___ Available data

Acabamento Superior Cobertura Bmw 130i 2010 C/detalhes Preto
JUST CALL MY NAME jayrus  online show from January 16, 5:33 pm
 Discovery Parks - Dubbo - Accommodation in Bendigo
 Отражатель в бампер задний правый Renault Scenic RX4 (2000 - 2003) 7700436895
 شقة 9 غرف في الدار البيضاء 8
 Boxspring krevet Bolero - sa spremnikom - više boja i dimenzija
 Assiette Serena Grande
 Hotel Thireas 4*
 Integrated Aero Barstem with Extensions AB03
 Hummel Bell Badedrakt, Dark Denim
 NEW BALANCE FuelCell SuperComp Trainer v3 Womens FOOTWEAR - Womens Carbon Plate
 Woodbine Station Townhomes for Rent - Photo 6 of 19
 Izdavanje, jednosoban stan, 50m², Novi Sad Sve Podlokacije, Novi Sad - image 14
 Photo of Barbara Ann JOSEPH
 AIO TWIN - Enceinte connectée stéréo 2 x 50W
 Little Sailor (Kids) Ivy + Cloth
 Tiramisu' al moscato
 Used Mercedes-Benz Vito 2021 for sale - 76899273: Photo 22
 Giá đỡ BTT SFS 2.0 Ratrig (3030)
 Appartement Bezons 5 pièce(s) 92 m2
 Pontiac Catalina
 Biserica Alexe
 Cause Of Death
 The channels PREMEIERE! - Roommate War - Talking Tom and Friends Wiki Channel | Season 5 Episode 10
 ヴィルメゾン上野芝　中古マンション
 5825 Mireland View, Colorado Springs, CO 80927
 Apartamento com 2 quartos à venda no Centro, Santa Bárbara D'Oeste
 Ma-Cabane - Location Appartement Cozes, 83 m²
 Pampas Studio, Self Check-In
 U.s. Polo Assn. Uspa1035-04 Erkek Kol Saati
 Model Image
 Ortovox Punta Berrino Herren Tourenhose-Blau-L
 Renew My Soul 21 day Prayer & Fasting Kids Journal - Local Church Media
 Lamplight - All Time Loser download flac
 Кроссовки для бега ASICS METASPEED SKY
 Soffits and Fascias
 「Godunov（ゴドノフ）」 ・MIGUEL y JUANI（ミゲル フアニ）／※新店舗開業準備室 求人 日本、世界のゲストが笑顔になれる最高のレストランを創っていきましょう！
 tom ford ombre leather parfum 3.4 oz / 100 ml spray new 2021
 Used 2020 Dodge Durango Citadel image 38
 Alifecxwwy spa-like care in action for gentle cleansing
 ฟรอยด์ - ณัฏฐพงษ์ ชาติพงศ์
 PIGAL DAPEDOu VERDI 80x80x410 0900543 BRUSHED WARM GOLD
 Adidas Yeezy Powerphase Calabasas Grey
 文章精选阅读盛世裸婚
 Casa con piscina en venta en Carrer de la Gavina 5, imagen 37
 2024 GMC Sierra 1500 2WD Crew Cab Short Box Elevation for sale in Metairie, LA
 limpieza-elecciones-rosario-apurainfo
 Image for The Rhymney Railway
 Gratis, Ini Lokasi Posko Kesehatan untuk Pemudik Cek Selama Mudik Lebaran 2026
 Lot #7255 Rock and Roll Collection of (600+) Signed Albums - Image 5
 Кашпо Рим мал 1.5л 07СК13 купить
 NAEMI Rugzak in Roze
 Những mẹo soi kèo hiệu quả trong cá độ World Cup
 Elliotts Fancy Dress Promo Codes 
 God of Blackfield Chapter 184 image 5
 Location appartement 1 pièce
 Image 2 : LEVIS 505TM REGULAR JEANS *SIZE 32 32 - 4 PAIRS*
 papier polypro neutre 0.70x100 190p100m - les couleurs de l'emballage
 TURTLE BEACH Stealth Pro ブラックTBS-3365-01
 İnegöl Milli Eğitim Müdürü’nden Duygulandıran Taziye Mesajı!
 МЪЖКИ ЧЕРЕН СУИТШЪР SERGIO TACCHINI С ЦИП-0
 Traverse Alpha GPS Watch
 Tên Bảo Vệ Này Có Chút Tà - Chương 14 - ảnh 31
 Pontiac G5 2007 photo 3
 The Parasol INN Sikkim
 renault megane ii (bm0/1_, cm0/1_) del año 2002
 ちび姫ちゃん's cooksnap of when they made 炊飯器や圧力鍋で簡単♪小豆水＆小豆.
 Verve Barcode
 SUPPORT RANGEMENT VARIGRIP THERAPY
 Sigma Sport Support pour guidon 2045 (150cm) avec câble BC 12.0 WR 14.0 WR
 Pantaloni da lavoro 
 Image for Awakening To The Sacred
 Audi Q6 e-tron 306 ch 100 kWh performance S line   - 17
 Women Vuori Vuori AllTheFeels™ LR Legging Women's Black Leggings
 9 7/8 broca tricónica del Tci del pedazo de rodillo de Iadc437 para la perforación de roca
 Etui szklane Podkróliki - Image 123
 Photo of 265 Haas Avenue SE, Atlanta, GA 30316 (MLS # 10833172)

______

→ **What you will do**:
Your task is to retype the data exactly, with no line missing.

→ **Task response**:
Acabamento Superior Cobertura Bmw 130i 2010 C/detalhes Preto
JUST CALL MY NAME jayrus  online show from January 16, 5:33 pm
 Discovery Parks - Dubbo - Accommodation in Bendigo
 Отражатель в бампер задний правый Renault Scenic RX4 (2000 - 2003) 7700436895
 شقة 9 غرف في الدار البيضاء 8
 Boxspring krevet Bolero - sa spremnikom - više boja i dimenzija
 Assiette Serena Grande
 Hotel Thireas 4*
 Integrated Aero Barstem with Extensions AB03
 Hummel Bell Badedrakt, Dark Denim
 NEW BALANCE FuelCell SuperComp Trainer v3 Womens FOOTWEAR - Womens Carbon Plate
 Woodbine Station Townhomes for Rent - Photo 6 of 19
 Izdavanje, jednosoban stan, 50m², Novi Sad Sve Podlokacije, Novi Sad - image 14
 Photo of Barbara Ann JOSEPH
 AIO TWIN - Enceinte connectée stéréo 2 x 50W
 Little Sailor (Kids) Ivy + Cloth
 Tiramisu' al moscato
 Used Mercedes-Benz Vito 2021 for sale - 76899273: Photo 22
 Giá đỡ BTT SFS 2.0 Ratrig (3030)
 Appartement Bezons 5 pièce(s) 92 m2
 Pontiac Catalina
 Biserica Alexe
 Cause Of Death
 The channels PREMEIERE! - Roommate War - Talking Tom and Friends Wiki Channel | Season 5 Episode 10
 ヴィルメゾン上野芝　中古マンション
 5825 Mireland View, Colorado Springs, CO 80927
 Apartamento com 2 quartos à venda no Centro, Santa Bárbara D'Oeste
 Ma-Cabane - Location Appartement Cozes, 83 m²
 Pampas Studio, Self Check-In
 U.s. Polo Assn. Uspa1035-04 Erkek Kol Saati
 Model Image
 Ortovox Punta Berrino Herren Tourenhose-Blau-L
 Renew My Soul 21 day Prayer & Fasting Kids Journal - Local Church Media
 Lamplight - All Time Loser download flac
 Кроссовки для бега ASICS METASPEED SKY
 Soffits and Fascias
 「Godunov（ゴドノフ）」 ・MIGUEL y JUANI（ミゲル フアニ）／※新店舗開業準備室 求人 日本、世界のゲストが笑顔になれる最高のレストランを創っていきましょう！
 tom ford ombre leather parfum 3.4 oz / 100 ml spray new 2021
 Used 2020 Dodge Durango Citadel image 38
 Alifecxwwy spa-like care in action for gentle cleansing
 ฟรอยด์ - ณัฏฐพงษ์ ชาติพงศ์
 PIGAL DAPEDOu VERDI 80x80x410 0900543 BRUSHED WARM GOLD
 Adidas Yeezy Powerphase Calabasas Grey
 文章精选阅读盛世裸婚
 Casa con piscina en venta en Carrer de la Gavina 5, imagen 37
 2024 GMC Sierra 1500 2WD Crew Cab Short Box Elevation for sale in Metairie, LA
 limpieza-elecciones-rosario-apurainfo
 Image for The Rhymney Railway
 Gratis, Ini Lokasi Posko Kesehatan untuk Pemudik Cek Selama Mudik Lebaran 2026
 Lot #7255 Rock and Roll Collection of (600+) Signed Albums - Image 5
 Кашпо Рим мал 1.5л 07СК13 купить
 NAEMI Rugzak in Roze
 Những mẹo soi kèo hiệu quả trong cá độ World Cup
 Elliotts Fancy Dress Promo Codes 
 God of Blackfield Chapter 184 image 5
 Location appartement 1 pièce
 Image 2 : LEVIS 505TM REGULAR JEANS *SIZE 32 32 - 4 PAIRS*
 papier polypro neutre 0.70x100 190p100m - les couleurs de l'emballage
 TURTLE BEACH Stealth Pro ブラックTBS-3365-01
 İnegöl Milli Eğitim Müdürü’nden Duygulandıran Taziye Mesajı!
 МЪЖКИ ЧЕРЕН СУИТШЪР SERGIO TACCHINI С ЦИП-0
 Traverse Alpha GPS Watch
 Tên Bảo Vệ Này Có Chút Tà - Chương 14 - ảnh 31
 Pontiac G5 2007 photo 3
 The Parasol INN Sikkim
 renault megane ii (bm0/1_, cm0/1_) del año 2002
 ちび姫ちゃん's cooksnap of when they made 炊飯器や圧力鍋で簡単♪小豆水＆小豆.
 Verve Barcode
 SUPPORT RANGEMENT VARIGRIP THERAPY
 Sigma Sport Support pour guidon 2045 (150cm) avec câble BC 12.0 WR 14.0 WR
 Pantaloni da lavoro 
 Image for Awakening To The Sacred
 Audi Q6 e-tron 306 ch 100 kWh performance S line   - 17
 Women Vuori Vuori AllTheFeels™ LR Legging Women's Black Leggings
 9 7/8 broca tricónica del Tci del pedazo de rodillo de Iadc437 para la perforación de roca
 Etui szklane Podkróliki - Image 123
 Photo of 265 Haas Avenue SE, Atlanta, GA 30316 (MLS # 10833172)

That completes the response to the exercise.